FORT WORTH, Texas — When they suffered a 38-27 loss at Kansas three weeks ago, the BYU Cougars could easily whisk away the setback by saying they gift-wrapped the win for the so-so Jayhawks.

If not for two defensive scores, Kansas would not have won so handily, the thinking in Provo went.

“Some times you have to pivot and figure out other ways to do things. You just can’t keep doing the same things and expect the results to change. We definitely have to pivot and do some things. But they are all within the realm of our capabilities. … We have the players and the talent to do it.” — BYU coach Kalani Sitake

Sentiments like that were more difficult to arrive at after Saturday’s crushing 44-11 defeat at the hands of the TCU Horned Frogs, a now 4-3 team that was clearly superior to BYU (1-2, 4-2) in all three phases of the game, and in coaching, in many respects.

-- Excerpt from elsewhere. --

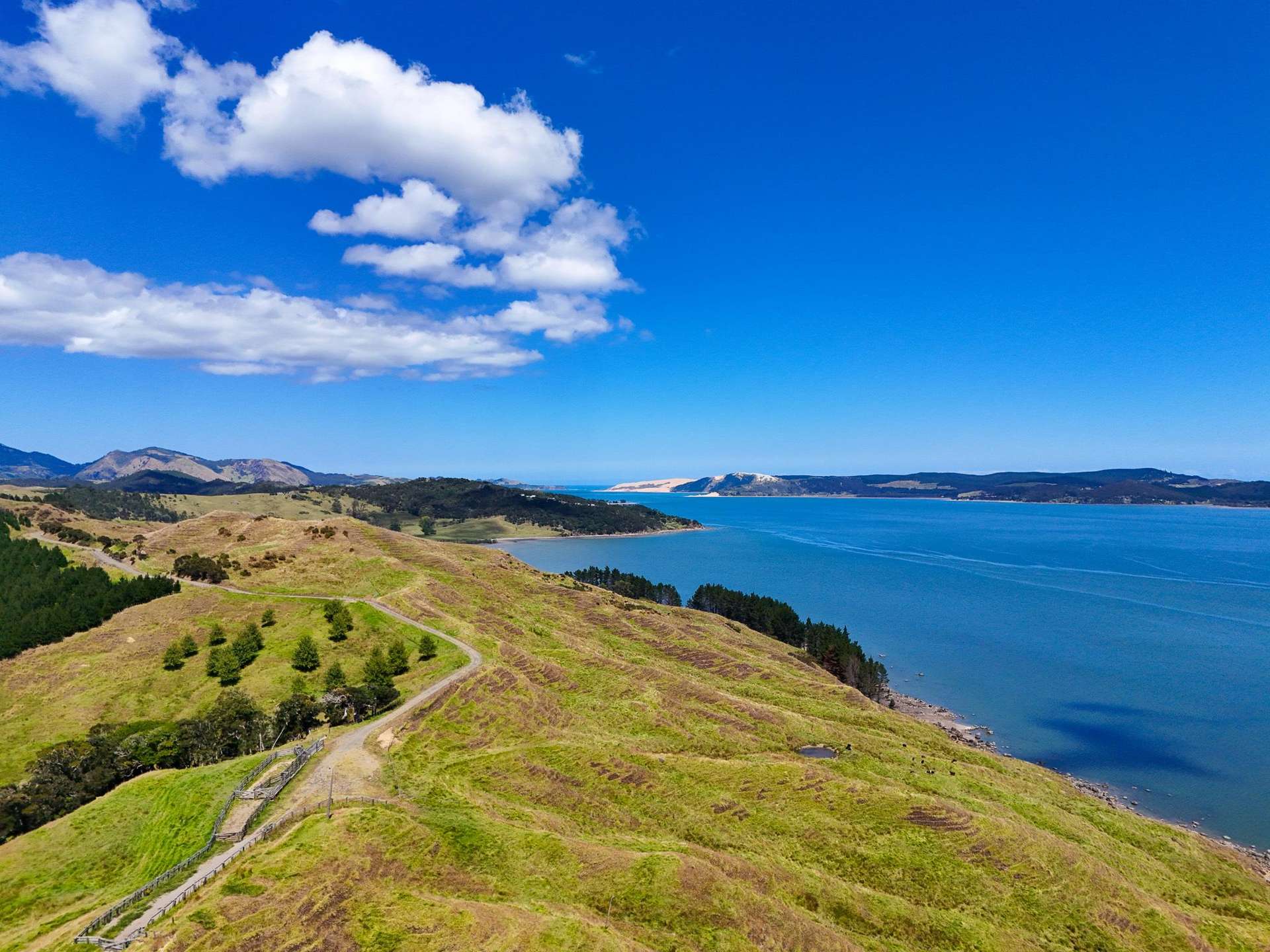 Brindle Road Opononi_0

So where does BYU, embarrassed, humiliated and, as coach Kalani Sitake noted, “exposed in a lot of different ways,” go from here?

It starts with a lot of introspection, the eight-year head coach said in the bowels of Amon G. Carter Stadium after the second-worst loss in his tenure, and after heaping praise on TCU (2-2, 4-3) and predicting the Frogs had found their “identity” and turned a mildly disappointing season around.

“We find ourselves in a difficult position right now,” Sitake acknowledged. “I know that the adversity will get us to the right spot. It created a spark for TCU, and I imagine that they are going to keep this momentum rolling.

“What we need to do is find the same spark and the same type of urgency that they did this week,” Sitake continued. “Now we get to go home and play this game (of football) again against a really good Texas Tech team.”

The Red Raiders will roll into Provo on Saturday (5 p.m. MDT, FS1) for the first time ever with their own issues after falling 38-21 to Kansas State over the weekend and possibly losing another quarterback to injury. Starter Behren Morton, who was in the game because opening-game starter Tyler Shough suffered a fractured fibula in the 20-13 road loss at West Virginia on Sept. 23, was knocked out of the game in Lubbock, Texas, and replaced by freshman Jake Strong in the third quarter.

Strong helped put together a 99-yard touchdown drive to give Texas Tech a 21-17 lead in the third quarter, but was intercepted three times after KSU regained the lead.

Texas Tech’s quarterback quandary will be the least of BYU’s concerns this week, however. The Cougars have plenty of issues of their own, as the beatdown in Fort Worth showed.

With redshirt freshman QB Josh Hoover made to look like famed former TCU QB Sammy Baugh by the Cougars’ utter ineptitude on defense, TCU had twice as many first downs (30-15) and 584 yards of offense to BYU’s 243.

It was total domination, and Sitake knew it.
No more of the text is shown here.